• What you are asked to do: Write out the entries below exactly, but only from the line containing "金色花朵旋转粒子合成背景视频视频" through the line containing "Moodbasic Nakış Detayşo Çizgili Takım - Bej", and without the pictures.

• Provided entries:
=-=-=-=-=
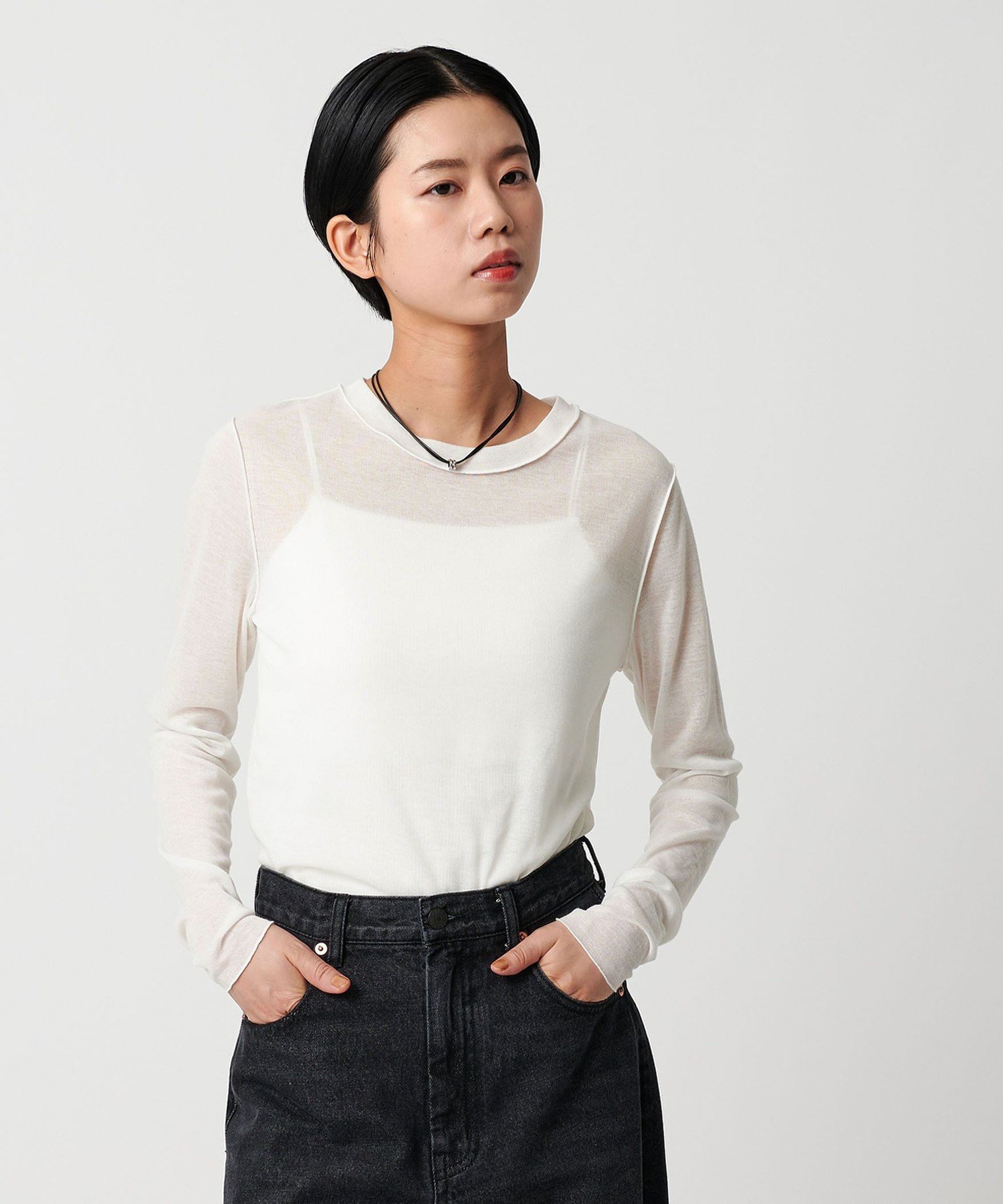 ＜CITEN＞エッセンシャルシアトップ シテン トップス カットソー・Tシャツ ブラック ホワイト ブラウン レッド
=-=-=-=-=
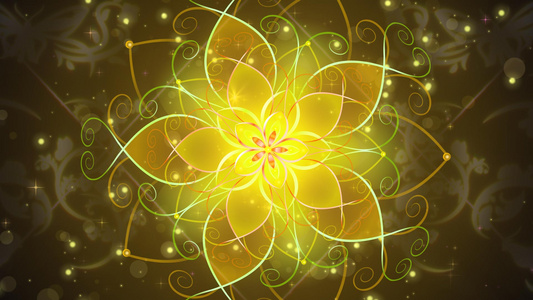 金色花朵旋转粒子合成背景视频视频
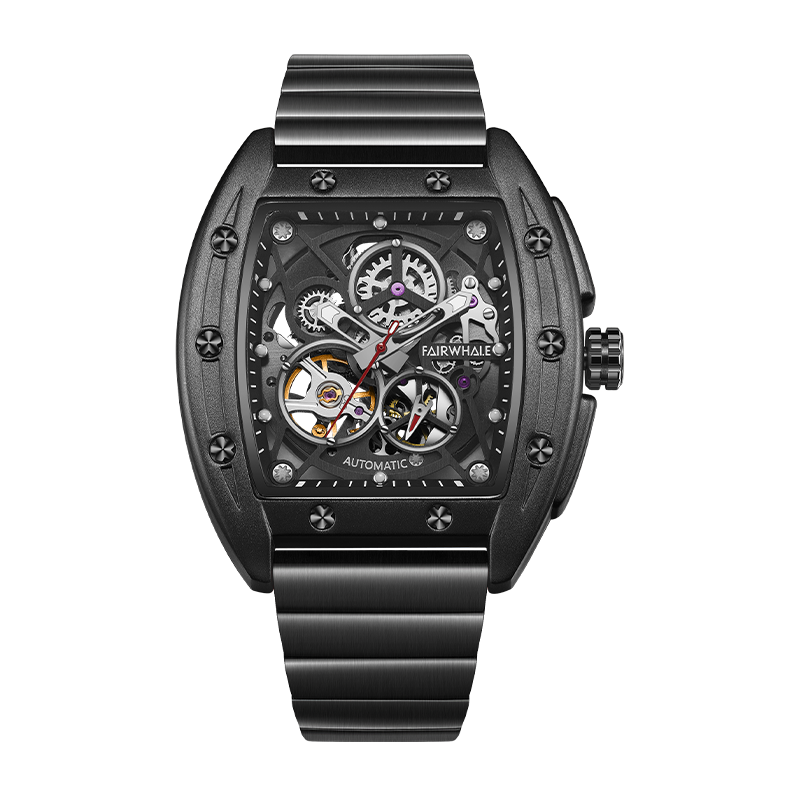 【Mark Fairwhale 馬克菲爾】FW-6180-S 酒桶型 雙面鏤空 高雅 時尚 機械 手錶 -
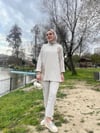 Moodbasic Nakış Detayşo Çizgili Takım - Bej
=-=-=-=-=
• Response to this task:
 金色花朵旋转粒子合成背景视频视频
 【Mark Fairwhale 馬克菲爾】FW-6180-S 酒桶型 雙面鏤空 高雅 時尚 機械 手錶 -
 Moodbasic Nakış Detayşo Çizgili Takım - Bej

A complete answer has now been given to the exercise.